(RECORDS FOR PROCESSING begins)

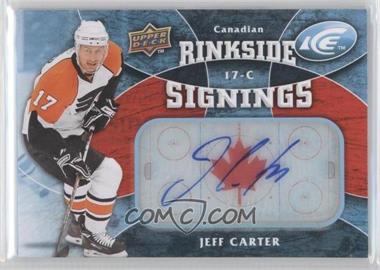 2009-10 Upper Deck Ice - Rinkside Signings #RS-JC - Jeff Carter
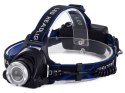 Bailong latarka czołowa zoom led cree xm-l3-u3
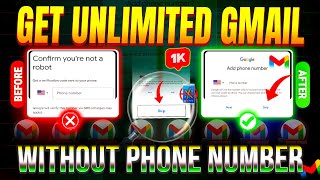 Unlimited gmail account creator without phone number 2025  Google account kaise banaye  Gmail ID [upl. by Shelba173]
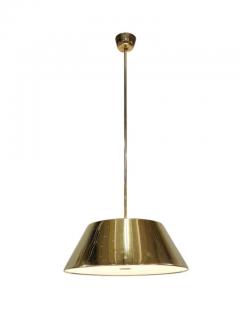 Paavo Tynell Grand Paavo Tynell Perforated Brass Ceiling Pendant Idman 1950s - 3933129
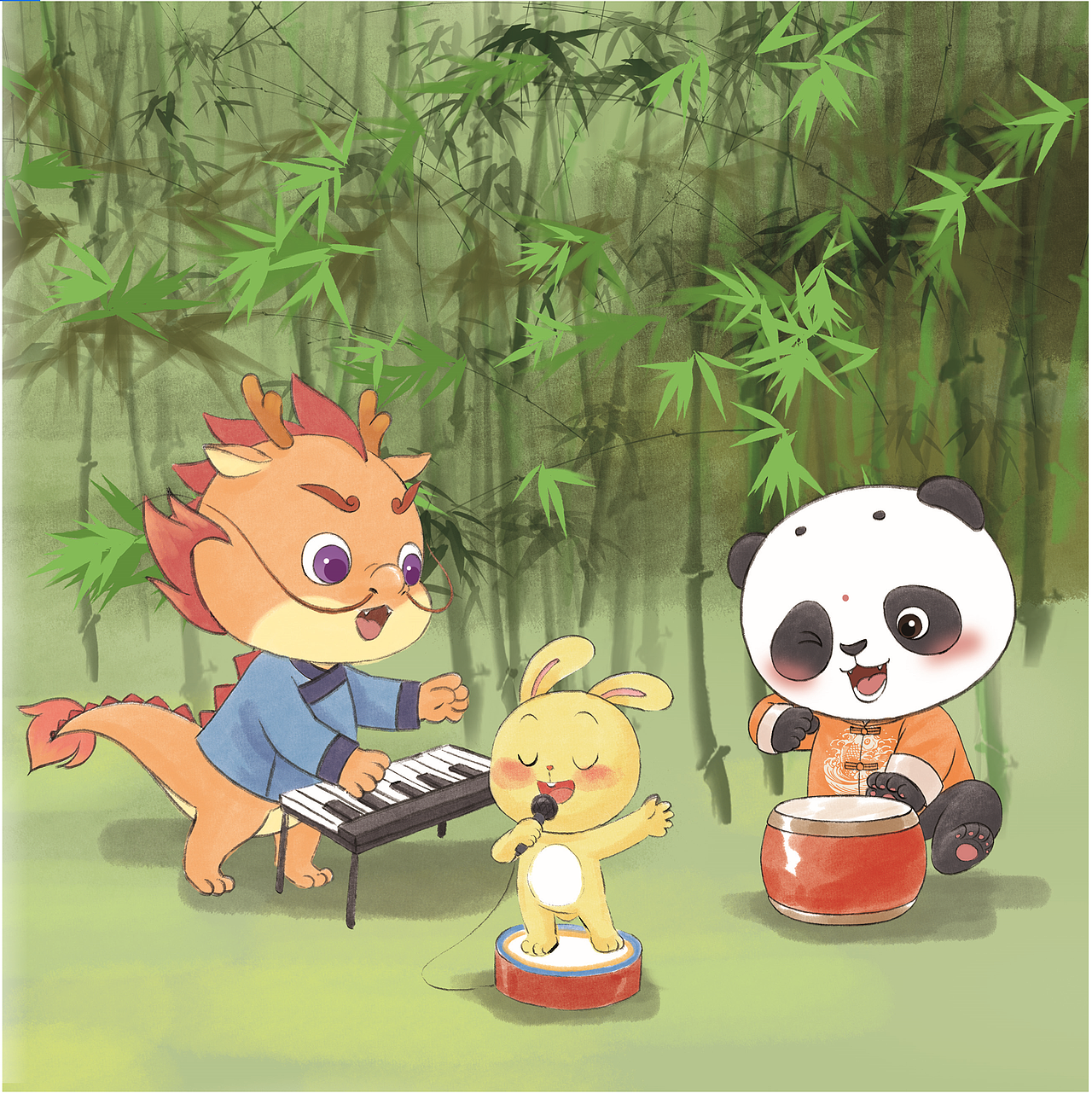 进两年的一些儿童插画(已出版)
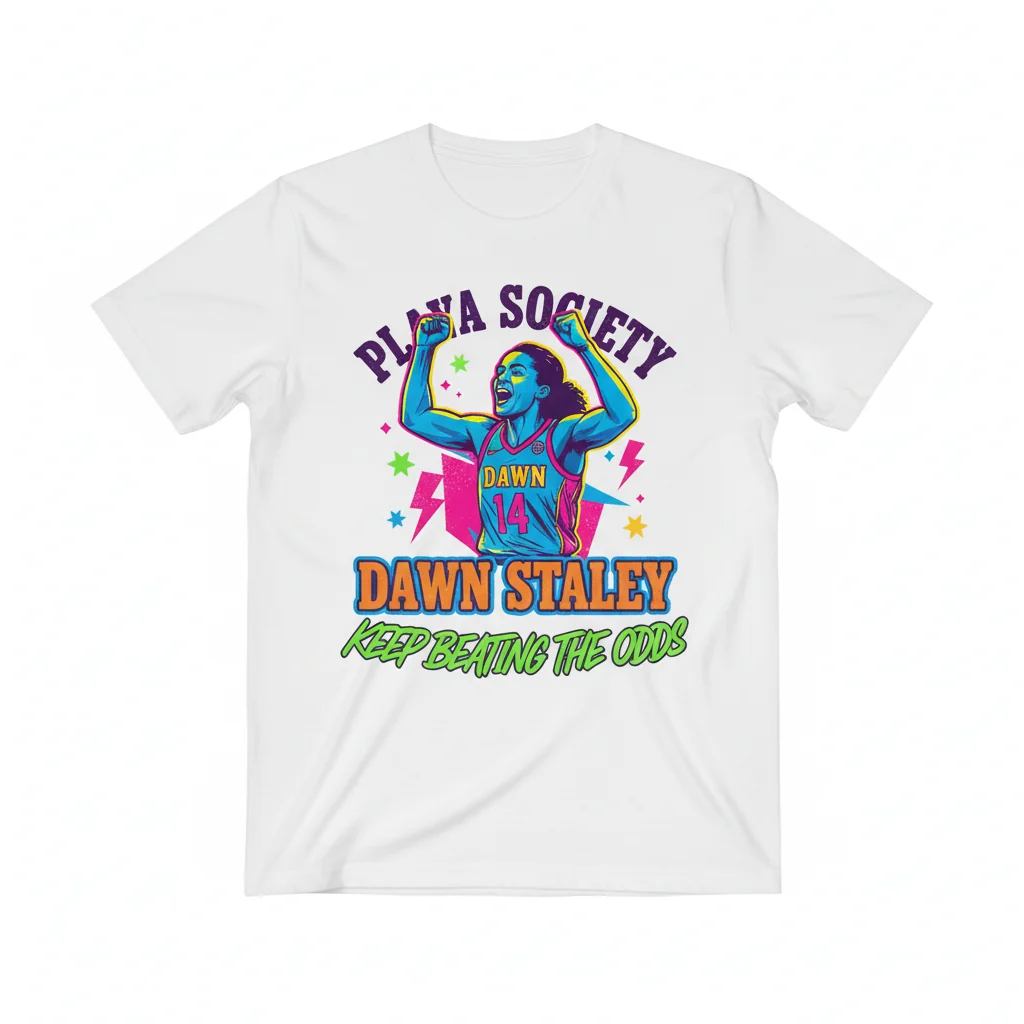 Dawn Staley Playa Society Keep Beating the Odds T-Shirt - Premium Cotton Tee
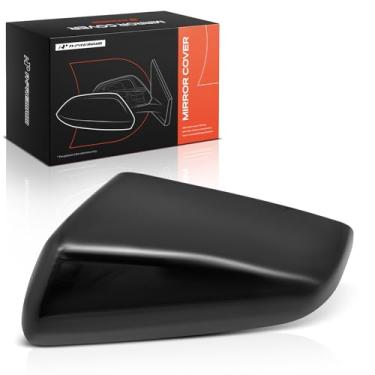 Imagem de A-Premium Tampa do espelho retrovisor do lado do motorista - compatível com Chevrolet Equinox e GMC Terrain, 2018-2024 - Preto liso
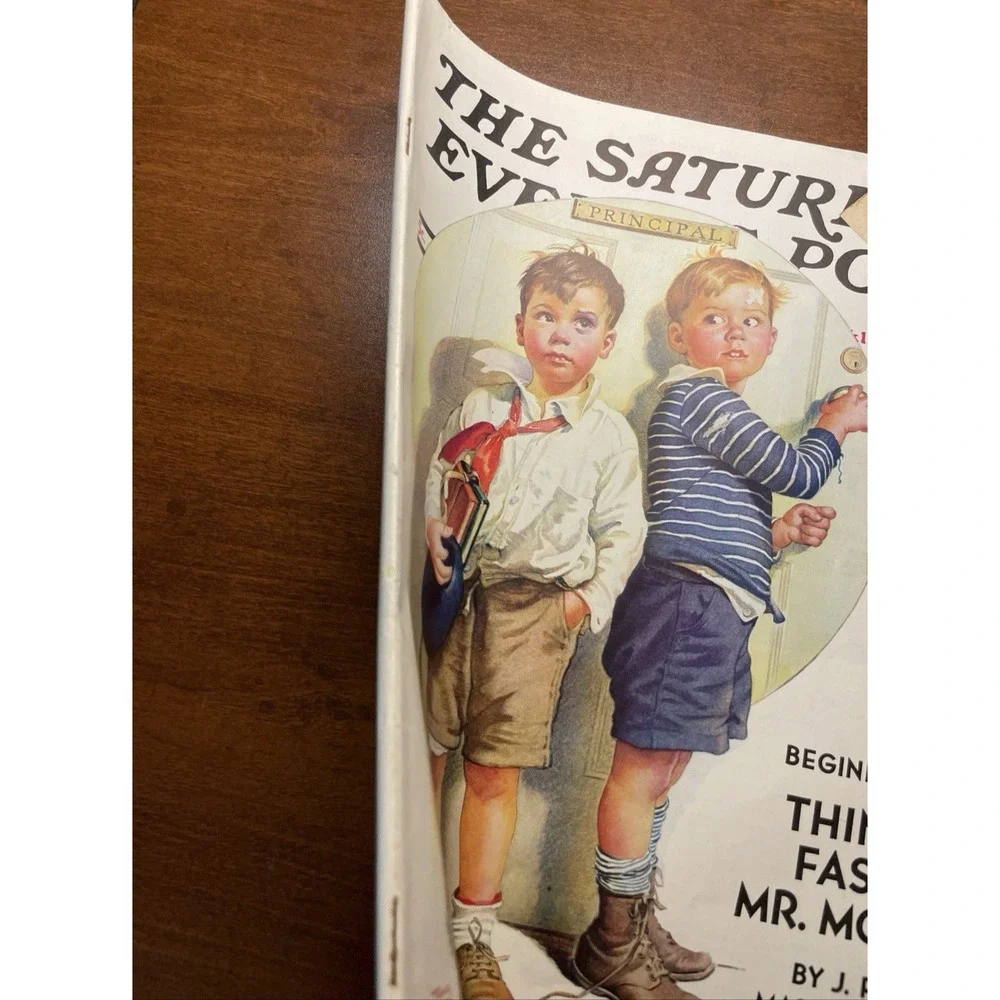 Sept.‎ 12, 1936 Boys Visit Principal's Office THE SATURDAY EVENING POST COVER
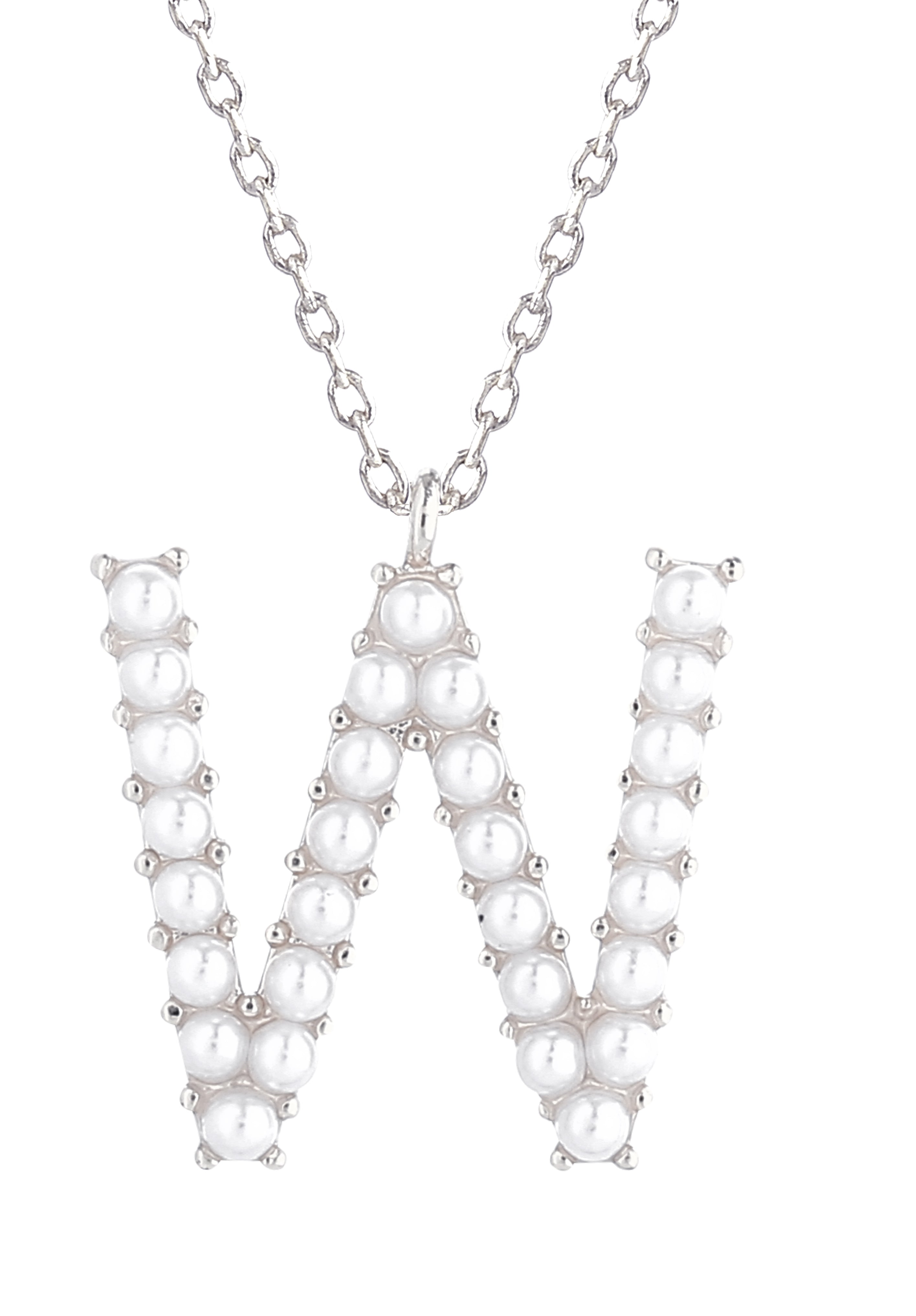 14K Gold Dipped Pearl initial Necklace - Charming Charlie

(RECORDS FOR PROCESSING ends)

■ **INSTRUCTIONS TO FOLLOW**:
Please print the lines above exactly, beginning at the first line of the entries and ending at the line holding "Imagem de A-Premium", and leave the pictures out.

■ **OUTPUT**:
 2009-10 Upper Deck Ice - Rinkside Signings #RS-JC - Jeff Carter
 Bailong latarka czołowa zoom led cree xm-l3-u3
 Unlimited gmail account creator without phone number 2025  Google account kaise banaye  Gmail ID [upl. by Shelba173]
 Paavo Tynell Grand Paavo Tynell Perforated Brass Ceiling Pendant Idman 1950s - 3933129
 进两年的一些儿童插画(已出版)
 Dawn Staley Playa Society Keep Beating the Odds T-Shirt - Premium Cotton Tee
 Imagem de A-Premium Tampa do espelho retrovisor do lado do motorista - compatível com Chevrolet Equinox e GMC Terrain, 2018-2024 - Preto liso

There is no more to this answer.